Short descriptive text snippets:
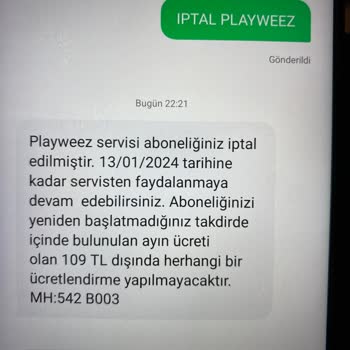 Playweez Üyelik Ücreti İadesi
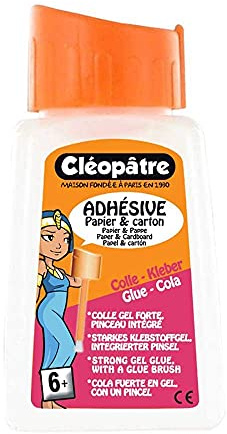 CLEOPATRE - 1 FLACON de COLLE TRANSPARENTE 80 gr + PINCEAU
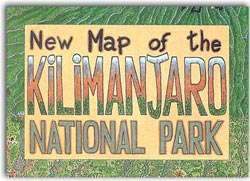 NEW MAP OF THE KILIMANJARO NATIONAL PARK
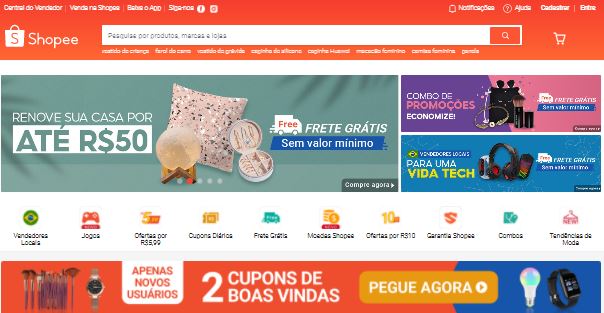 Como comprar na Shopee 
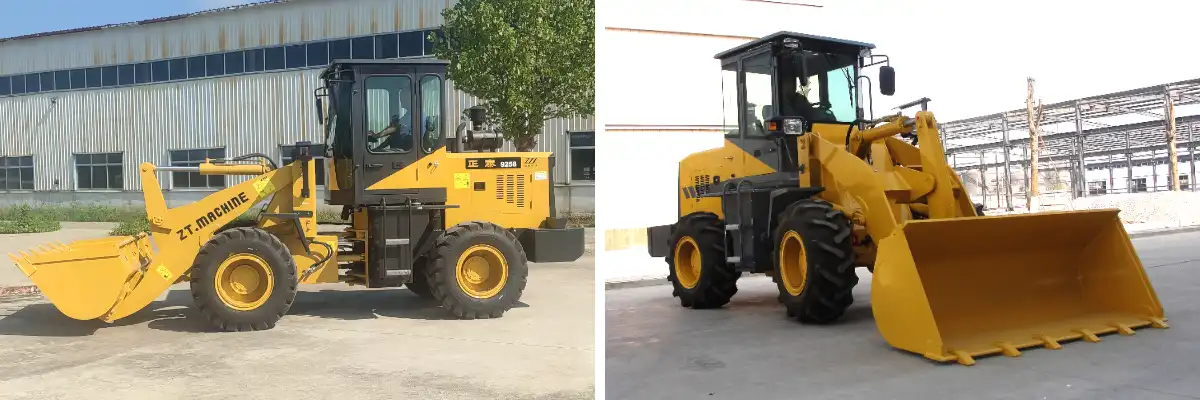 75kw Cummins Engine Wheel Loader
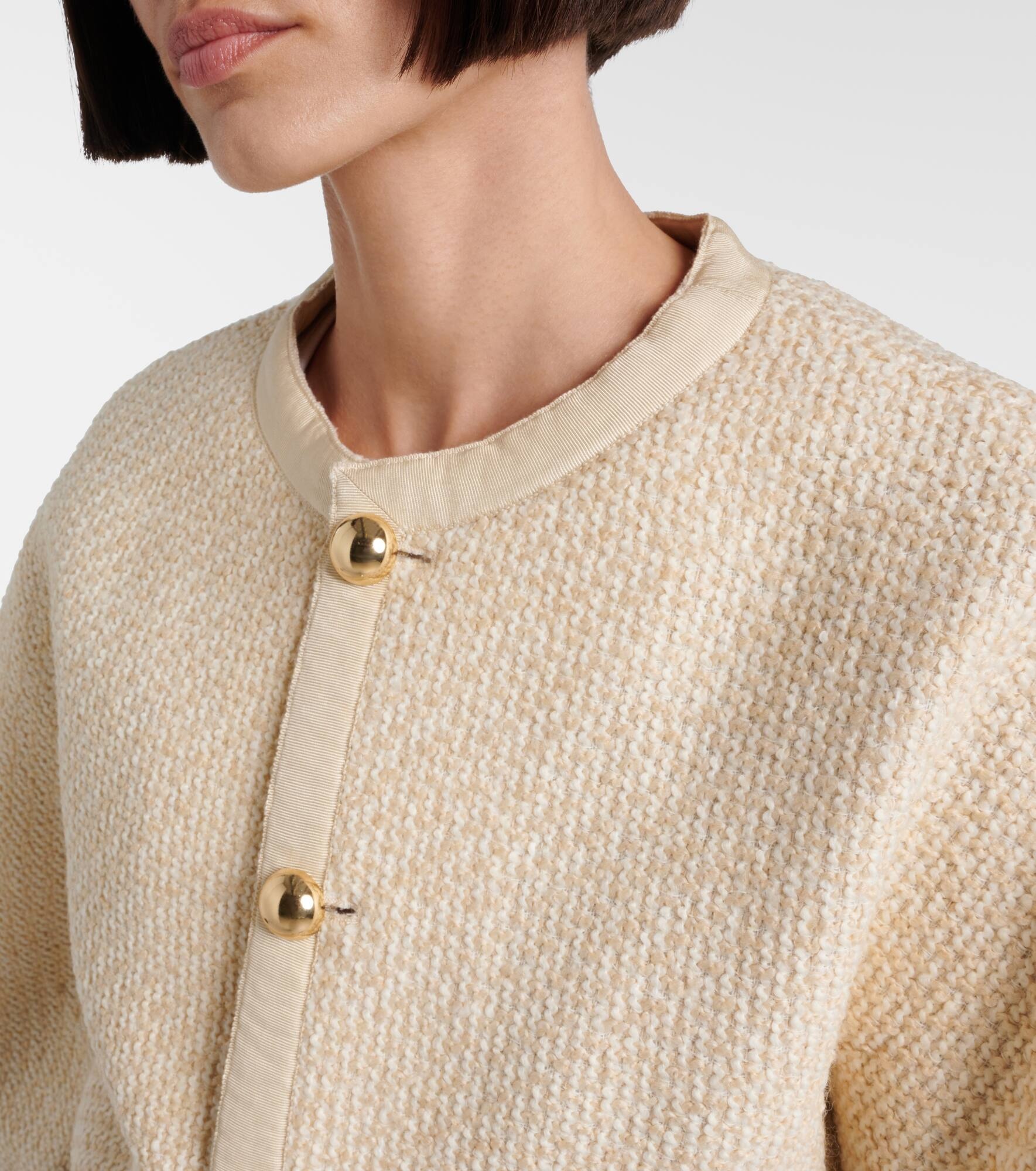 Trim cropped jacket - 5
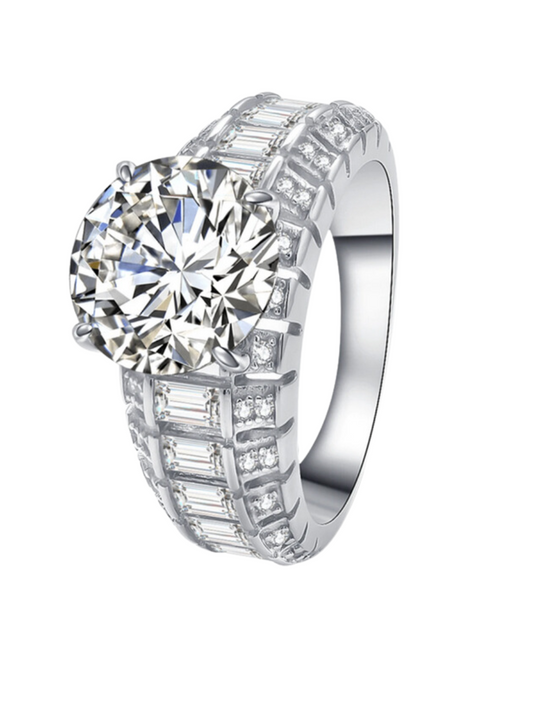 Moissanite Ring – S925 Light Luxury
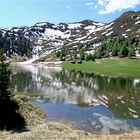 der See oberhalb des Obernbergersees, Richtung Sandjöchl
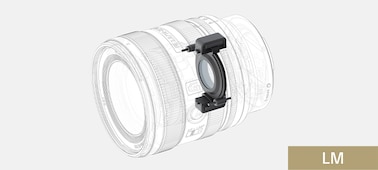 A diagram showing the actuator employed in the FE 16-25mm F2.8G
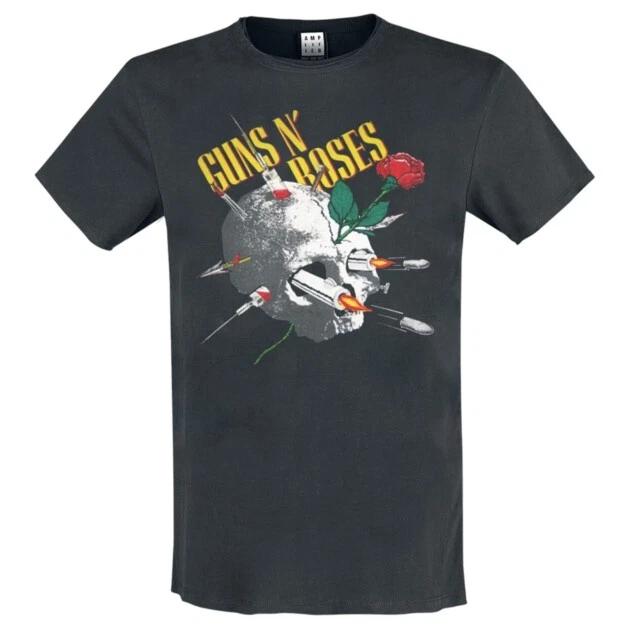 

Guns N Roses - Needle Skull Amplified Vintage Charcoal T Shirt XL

▶ **ACTIVITY**
Every line from the one containing "A diagram showing" through the last line of the data is to be retyped exactly, with nothing added and no pictures included.

▶ **SOLUTION FOR THIS EXERCISE**
 A diagram showing the actuator employed in the FE 16-25mm F2.8G

Guns N Roses - Needle Skull Amplified Vintage Charcoal T Shirt XL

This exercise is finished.